[Excerpts from a dataset]
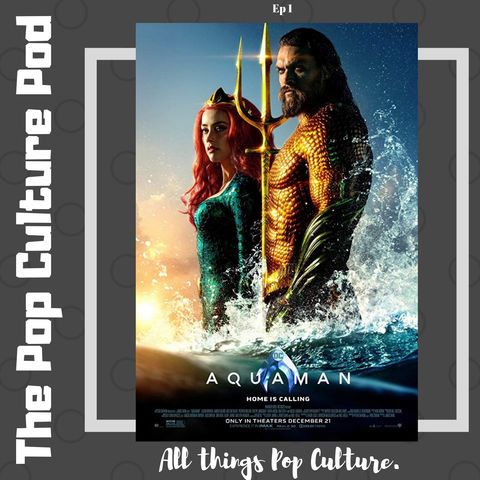 Aquaman & Beyond | The Pop Culture Pod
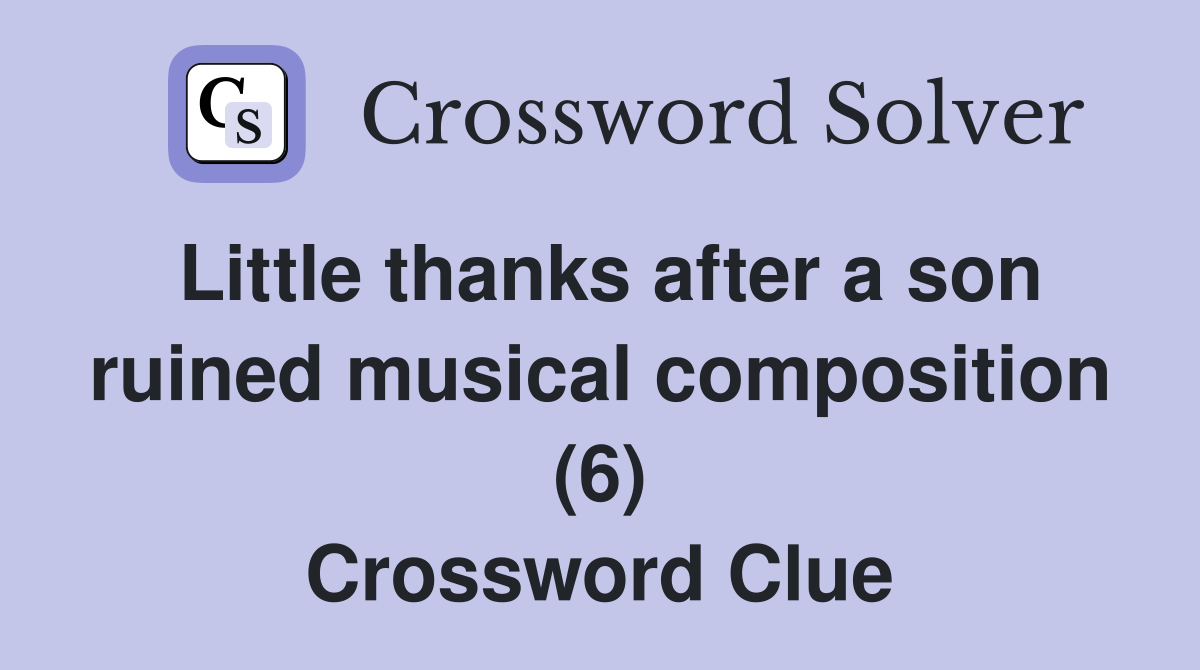 Little thanks after a son ruined musical composition (6) Crossword Clue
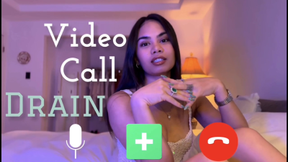 Video Call Drain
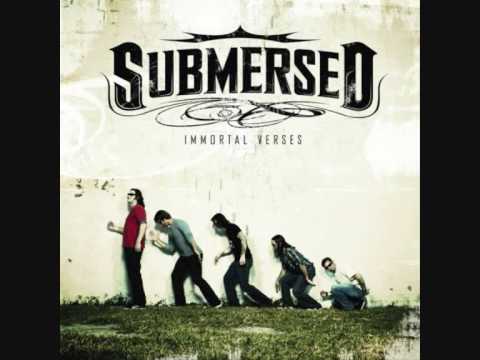 Submersed - Better Think Again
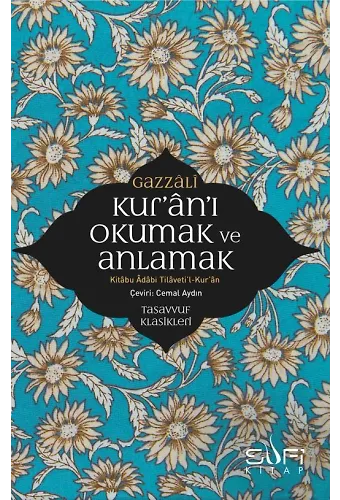 Kur'an'ı Okumak Ve Anlamak
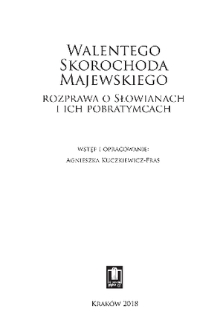 Walentego Skorochoda Majewskiego rozprawa o Słowianach i ich pobratymcach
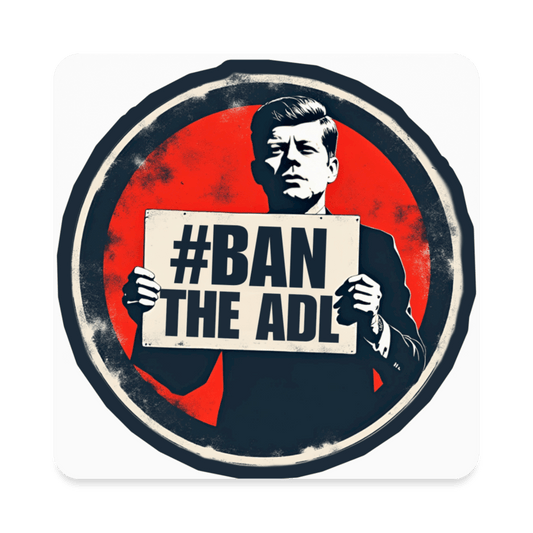 JFK #BAN THE ADL Magnet - BAD GOYS CLUB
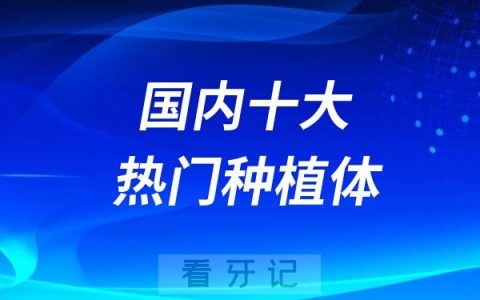 2025年国内十大热门种植体品牌排行榜TOP10名单！十大种植牙价格曝光！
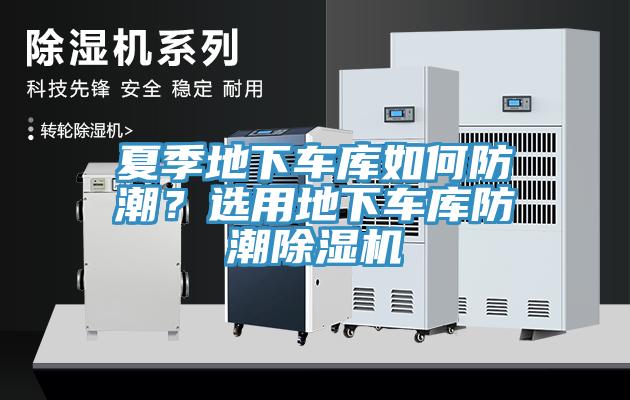 夏季地下車(chē)庫如何防潮？選用地下車(chē)庫防潮除濕機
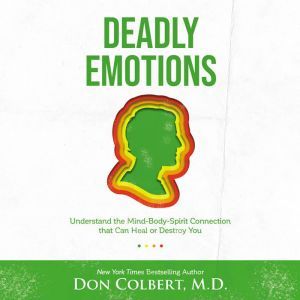 Deadly Emotions, Don Colbert
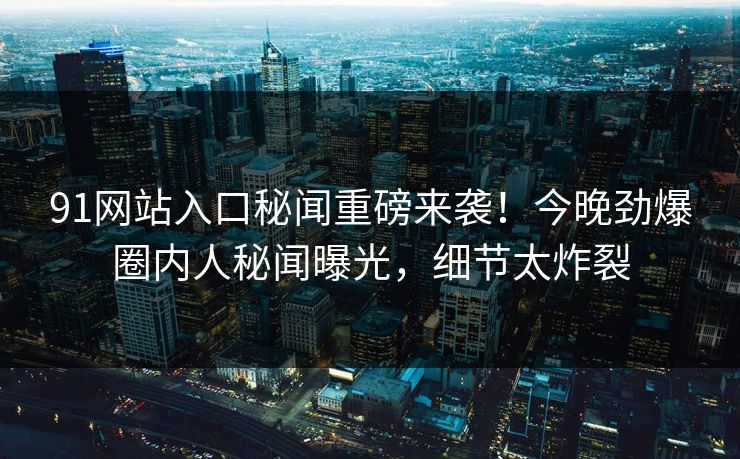 91网站入口秘闻重磅来袭！今晚劲爆圈内人秘闻曝光，细节太炸裂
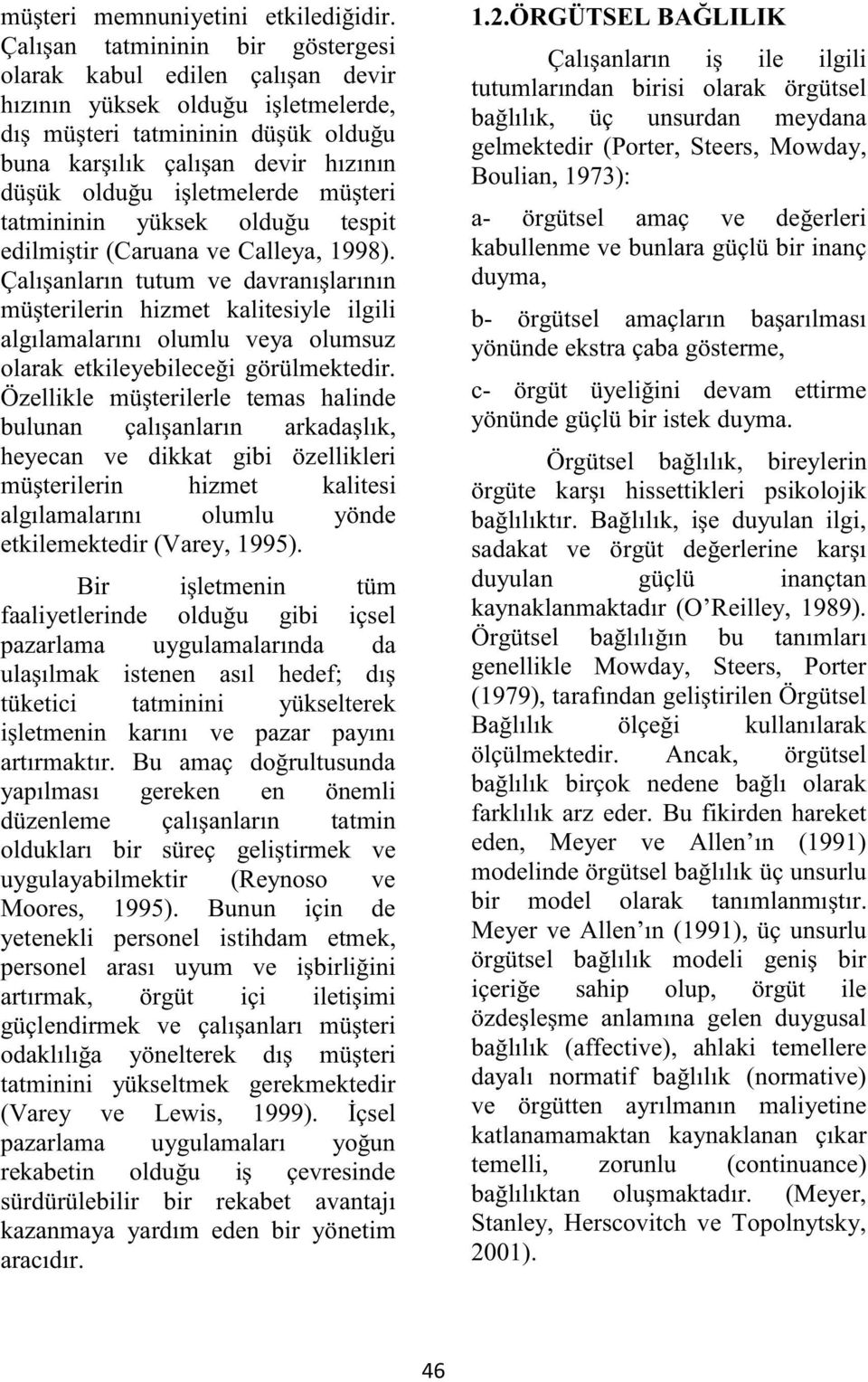 işletmelerde müşteri tatmininin yüksek olduğu tespit edilmiştir (Caruana ve Calleya, 1998).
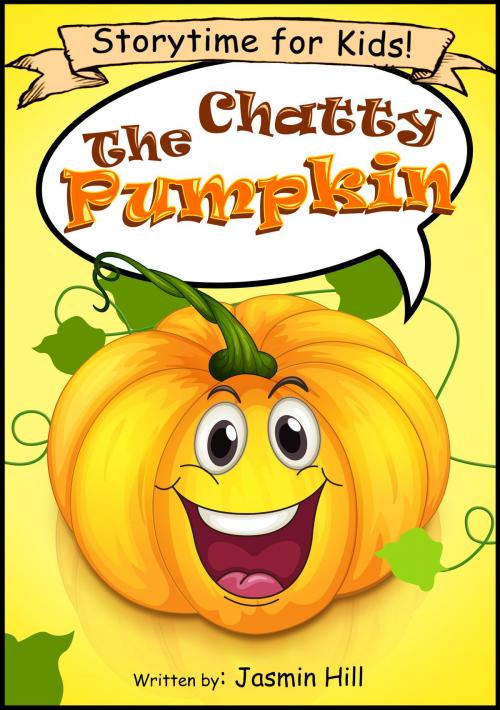 Cover of the book The Chatty Pumpkin: Storytime For Kids! by Jasmin Hill, Stephen Williams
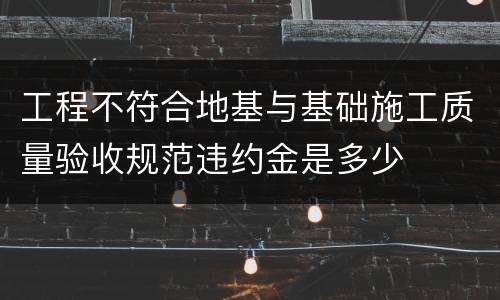 工程不符合地基与基础施工质量验收规范违约金是多少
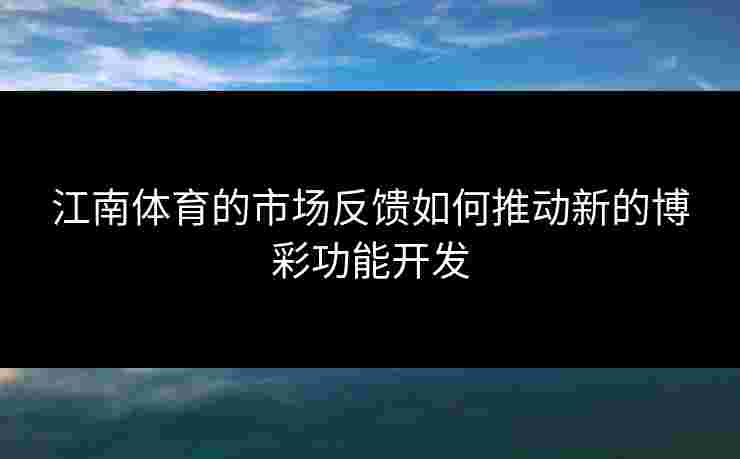 江南体育的市场反馈如何推动新的博彩功能开发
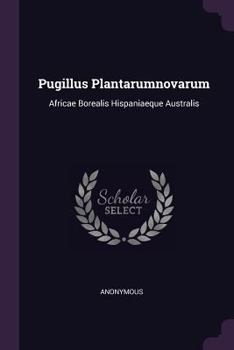 Paperback Pugillus Plantarumnovarum: Africae Borealis Hispaniaeque Australis Book
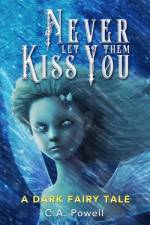 Never Let Them Kiss You. af C A Powell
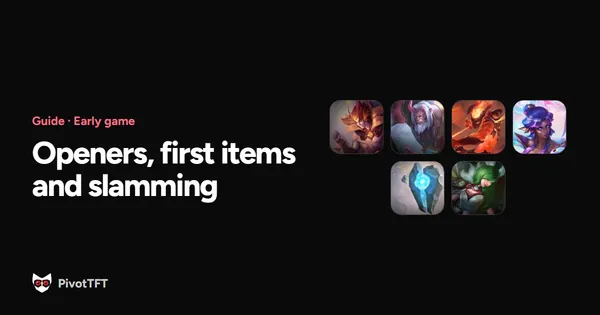 Cover: TFT Early Game Guide: Openers, First Items and When to Slam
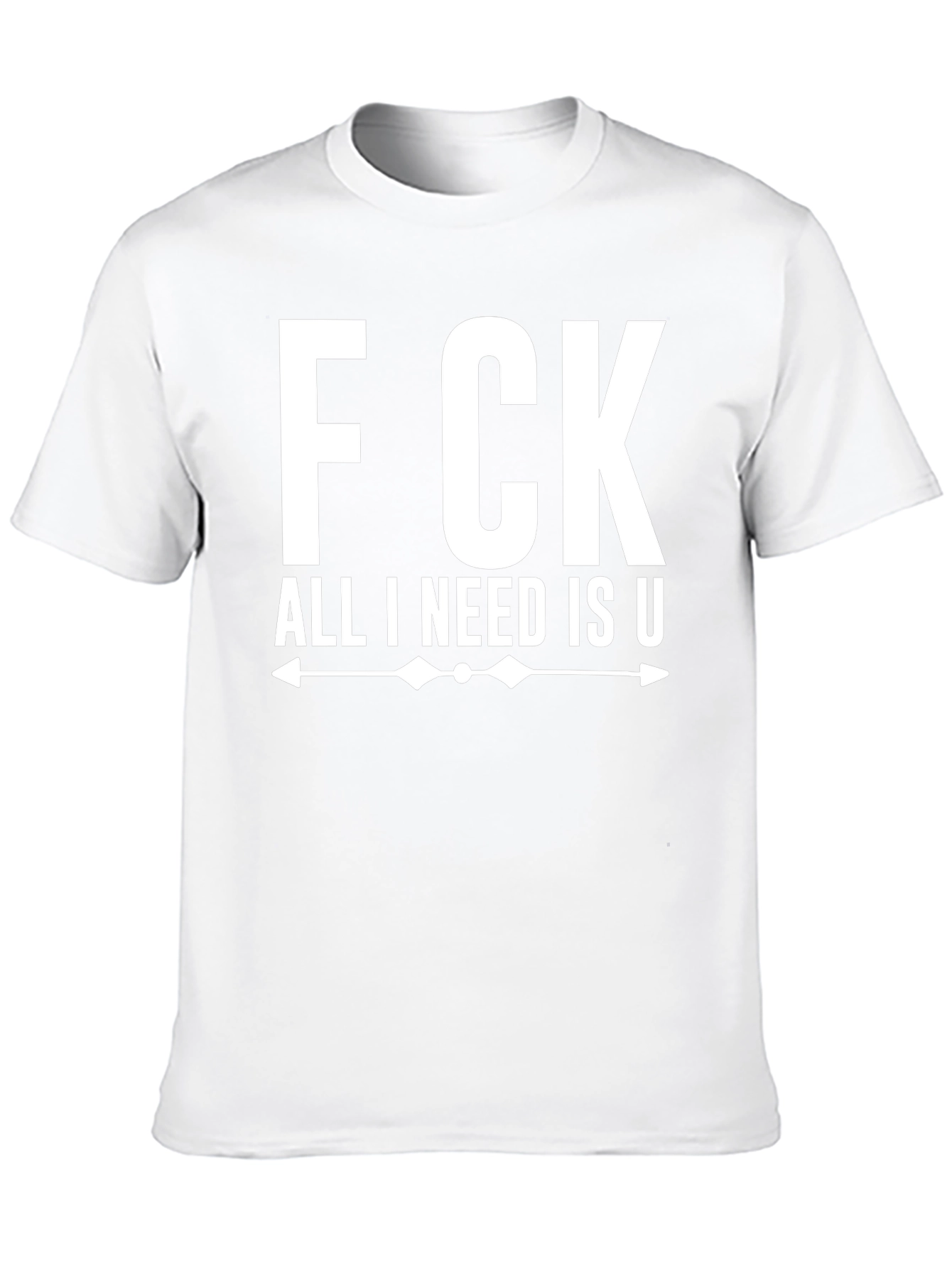 F CK All I Need Is U Graphic Tee - Funny T-Shirt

Problem to work on >> Each line from the one holding "工程不符合地基与基础施工质量验收规范违约金是多少" down to the end of the records is to be reproduced unaltered, and the pictures are to be omitted.

Task solution >>
 工程不符合地基与基础施工质量验收规范违约金是多少
 江南体育的市场反馈如何推动新的博彩功能开发
 Paperback Pugillus Plantarumnovarum: Africae Borealis Hispaniaeque Australis Book
 Never Let Them Kiss You. af C A Powell
 Cover: TFT Early Game Guide: Openers, First Items and When to Slam
 F CK All I Need Is U Graphic Tee - Funny T-Shirt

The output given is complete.